Noi umani cerchiamo quadrature

Bandecchi & Vivaldi, Pontedera, 2019, pp. 124, €10,00

 

Diviso in tre sezioni, Umani dal quotidiano, Umani dalla letteratura, Umani dalla Storia, il libro di Dino Fiumalbi unisce racconti già editi in antologie o in e-book ad altri nuovi e recenti. Nelle storie, in genere brevi con finale affatto scontato e talora sorprendente, si osservano le persone come sotto una lente di ingrandimento, quasi fotografando aspetto, gesti, e di conseguenza svelando anche l’anima.

Le storie sono ambientate in tempi diversi e acquistano un respiro più ampio nel recupero di personaggi di notevole rilievo storico. In questo Dino Fiumalbi dimostra ancora una volta il grande amore per la ricerca storica, la sua puntigliosità e precisione nella documentazione, con la capacità di ricostruire ambienti e situazioni all’interno di un racconto verisimile.

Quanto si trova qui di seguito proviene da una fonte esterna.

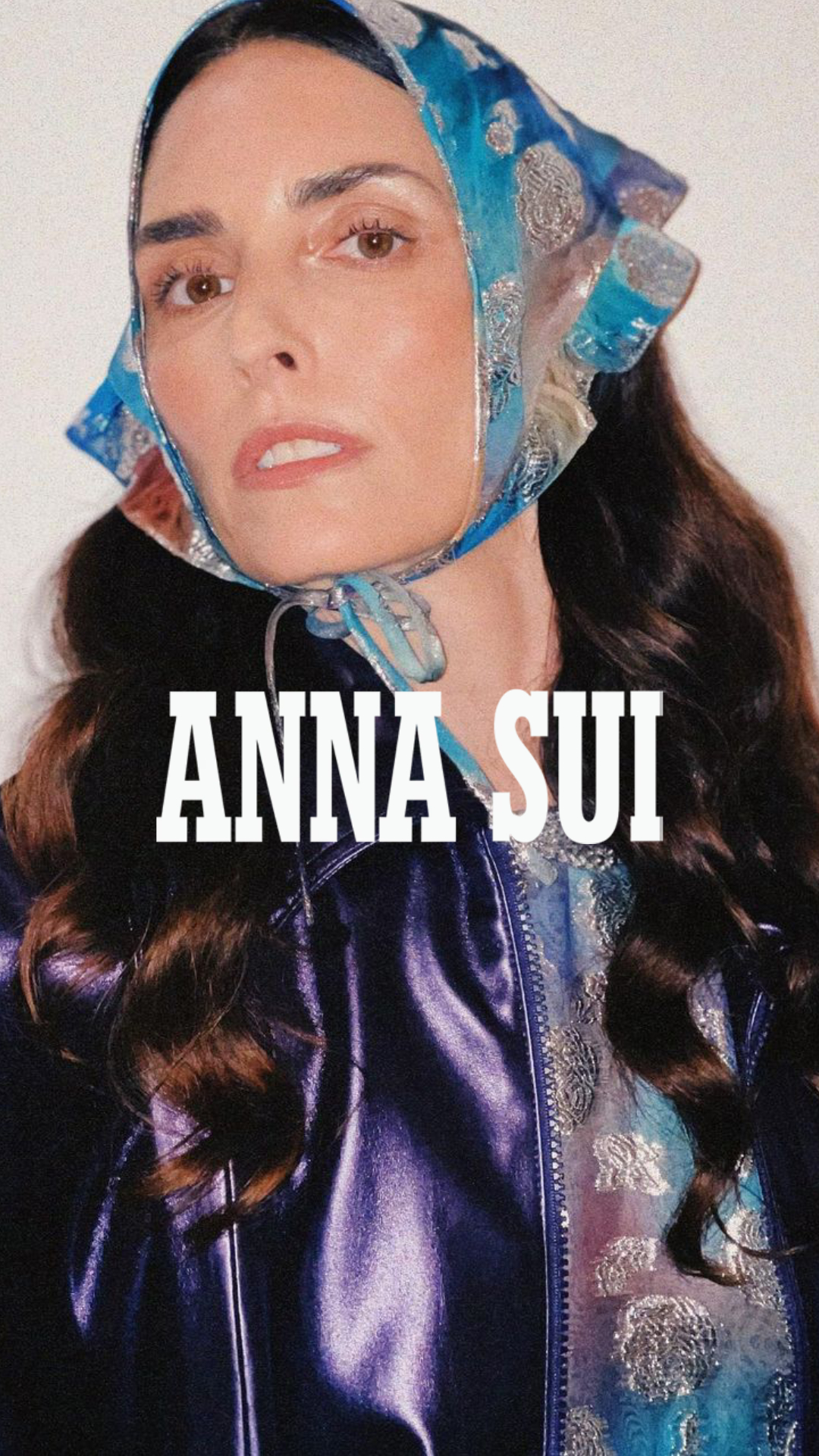 Anna Sui Spring Summer 2024 Collection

C’è una presenza trasversale della figura femminile su cui l’occhio si posa per fissare atteggiamenti e aspetti della donna; ma non si risparmia niente anche al genere maschile, con il maschio un po’ guardone e sempre alla ricerca di forme avvenenti su cui placare-eccitare lo sguardo. Si percepisce il divertimento stesso di chi scrive e l’occhio selezionatore.

Abbastanza inatteso il recupero di brani di autori, incastonati e riconoscibili, con il gusto di riscriverli con punti di vista diversi, come nel caso dell’incontro di don Abbondio con i bravi, in cui si dà voce al loro pensiero ed alle attese.

La motivazione del titolo si legge nella prefazione dell’autore: «Tutti i racconti contengono almeno una piccola sorpresa, un qualcosa di inaspettato: ciò che appare quadrato e stabile inevitabilmente rotola e ciò che sembra circolare prima o poi si arresta e si stabilizza. Noi umani siamo fatti così, da sempre: non siamo mai completamente cerchi o quadrati, ma ci troviamo bene in entrambe le figure nelle quali siamo stati iscritti, prima da Vitruvio a parole, poi da Leonardo nel disegno».

Il Fiumalbi manifesta un attento rispetto per la parola tendendo al registro alto, ma ama anche ripescare espressioni puramente toscane e della parlata del popolo, come in questo passo tratto da “Ei fu” dove parla un anziano contadino interrogato da un uomo di legge, a proposito di una donna: «Da quando tornò a Lucca ben vestita e con la bimba appena fori dalle fasce, la incominciarono a chiama’ la donna misteriosa… Ma le pettegole ‘un s’arrendano mai e continuano a chiacchiera’ anch’oggi. Lei va d’accordo con tutti e, nonostante sia ancora una bella donna, non ha voluto sapere di riaccasassi».